By Joseph E Schmitz, Former advisor to Donald Trump
THE 1st Century Roman satirist Juvenal posed a question as pertinent to 21st century French-African relations as it was to ancient Rome: Quis custodiet ipsos custodies? Or: Who will watch the watchmen? Who will watch the French courts while they’re busy watching African leaders?
French officials recently charged the daughter and son-in-law of Congo’s President, Denis Sassou Nguesso, for “money laundering and misuse of public funds”, marking the latest in a long series of France’s post-colonial attempts to control sovereign African states. Regardless of what one may think about France’s recognised authority and legal legitimacy (or lack thereof) in initiating such proceedings, it’s hard to overlook their overt hypocrisy.
After all, just days before the Congolese President’s daughter was charged, President Emmanuel Macron’s new Minister for Territorial Planning, Richard Ferrand, was accused of nepotism, leveraging business contacts for personal gain, and other offenses relating to conflicts of interest in business dealings. A few days later, Mr Macron’s freshly-appointed Defence Minister Sylvie Goulard resigned in the midst of an investigation for “allegedly having used aides receiving European Parliament salaries to perform work for the party”. Meanwhile, as reported by Libération and Politico EU, French Labor Minister Muriel Pénicaud could come under investigation for alleged nepotism, concealment and complicity for actions during her stint as head of Business France, a public organisation that promotes French enterprises abroad.

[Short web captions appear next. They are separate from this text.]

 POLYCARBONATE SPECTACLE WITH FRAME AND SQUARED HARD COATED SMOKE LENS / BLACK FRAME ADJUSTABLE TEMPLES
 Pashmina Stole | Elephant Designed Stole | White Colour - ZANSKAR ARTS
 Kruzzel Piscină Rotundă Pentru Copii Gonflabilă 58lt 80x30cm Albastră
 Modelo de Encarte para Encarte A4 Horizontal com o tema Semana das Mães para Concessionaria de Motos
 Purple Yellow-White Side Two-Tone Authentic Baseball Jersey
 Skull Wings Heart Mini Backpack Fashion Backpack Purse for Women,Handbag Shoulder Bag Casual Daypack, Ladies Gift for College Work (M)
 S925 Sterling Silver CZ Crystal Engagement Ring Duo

The questionable dealings of these ministers are only a small handful of the scandals plaguing modern French politics. In a recent Le Monde article, historian Frédéric Monier explains the post-war Fifth Republic’s struggle against corruption, noting that, “since the 1980s, the issue of political corruption has returned to the forefront”.
With so many top-ranking French officials embroiled in scandals and facing corruption charges, it’s a wonder that the French legal system still regards itself as a crusader for justice in Africa. The French Declaration of the Rights of Man, Article 9, proclaimed in 1789 that “all persons are held innocent until they shall have been declared guilty”. That is still the law of the land in France (and in most other Western nations.”
From the Congo to Algeria, Cote d’Ivoire, Niger, Equatorial Guinea and across the African continent, citizens of sovereign, post-colonial states will be the first to attest that liberté, égalité, fraternité were ideals that seldom permeated their borders before winning their independence decades ago.
Even President Macron acknowledges that France’s colonisation of Africa was a “crime against humanity.”
And now, a few short decades later, is France – a reborn, open and modern France – so blind as to make the same mistakes again? Are the French so immodest as to presume, once again, that they’ve got it right and Africa has it wrong?
To paraphrase the poem Invictus,”famously recited by Nelson Mandela while in prison: Is it not time to recognise Africa as the master of its own fate? Is not time for France to respect Africa as the master of its sovereign soul?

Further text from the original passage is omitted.